▶ **DATA PROVIDED**
===============
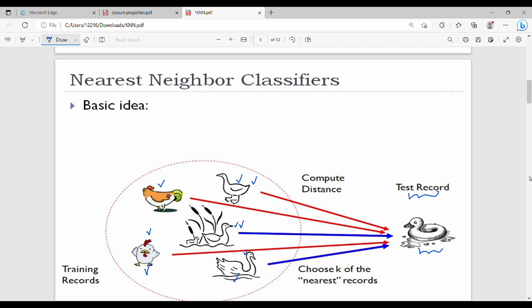Let's see what K=3 gives us. We count the three training records closest to the test record. Checking those three: one is a duck, and we check the names of the others. Taking the majority — if two out of three are ducks — then the test record is classified as 'duck'.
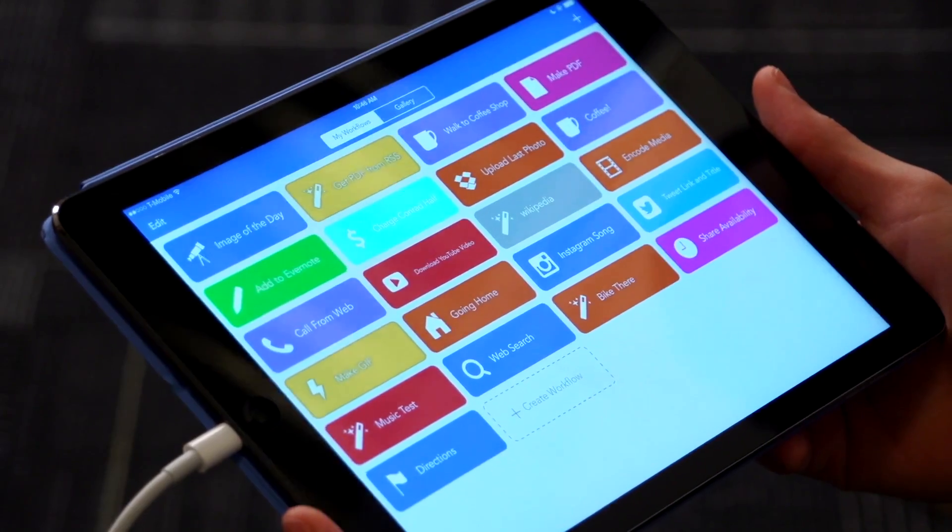We're here with Workflow, an app that lets you automate the things that you do on your tablet or phone every day. So let's go straight into the actual process of creating a Workflow.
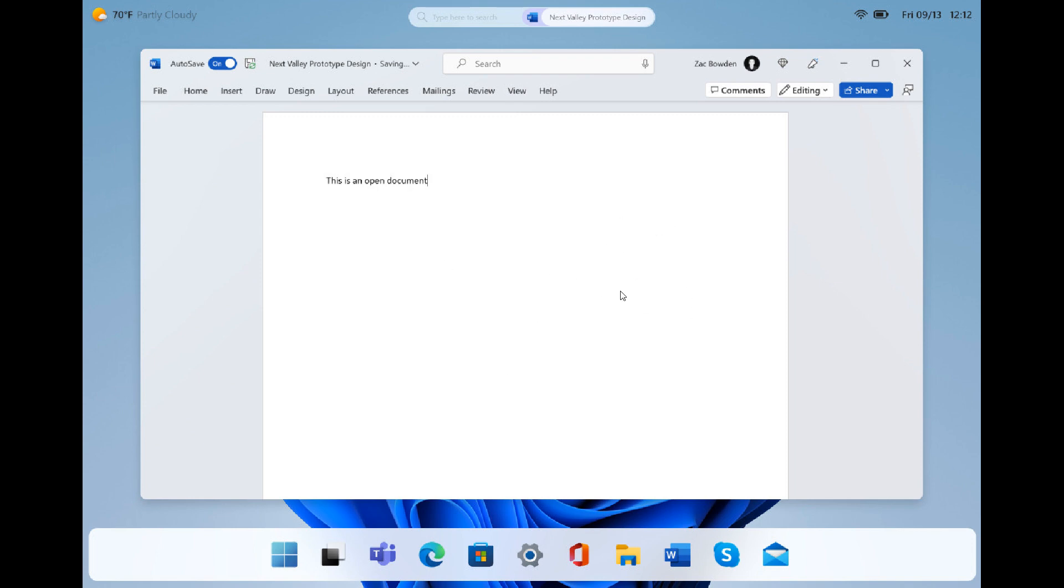This mock-up shows us a different-looking desktop with a floating taskbar here at the bottom. It's possible that this could be an early layout of what Windows 12's desktop could look like with the floating taskbar.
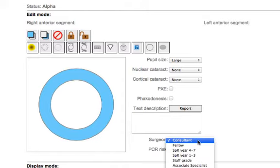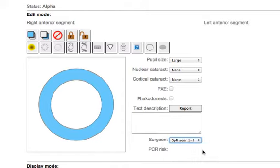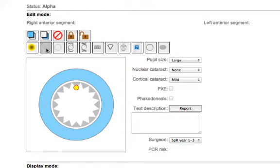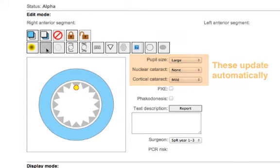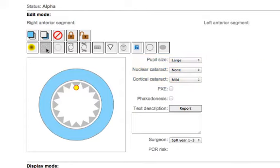If we start off with a junior surgeon with a very simple cataract, you'll recognize the drawing package here linked to the menu choices on the right hand side. By adding that cataract the menu choice also became selected, automatically updated, avoiding duplication of effort.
===============
Return the material from the line containing "We're here with" through the line containing "This mock-up shows", exactly and in full, but without its pictures.

We're here with Workflow, an app that lets you automate the things that you do on your tablet or phone every day. So let's go straight into the actual process of creating a Workflow.
This mock-up shows us a different-looking desktop with a floating taskbar here at the bottom. It's possible that this could be an early layout of what Windows 12's desktop could look like with the floating taskbar.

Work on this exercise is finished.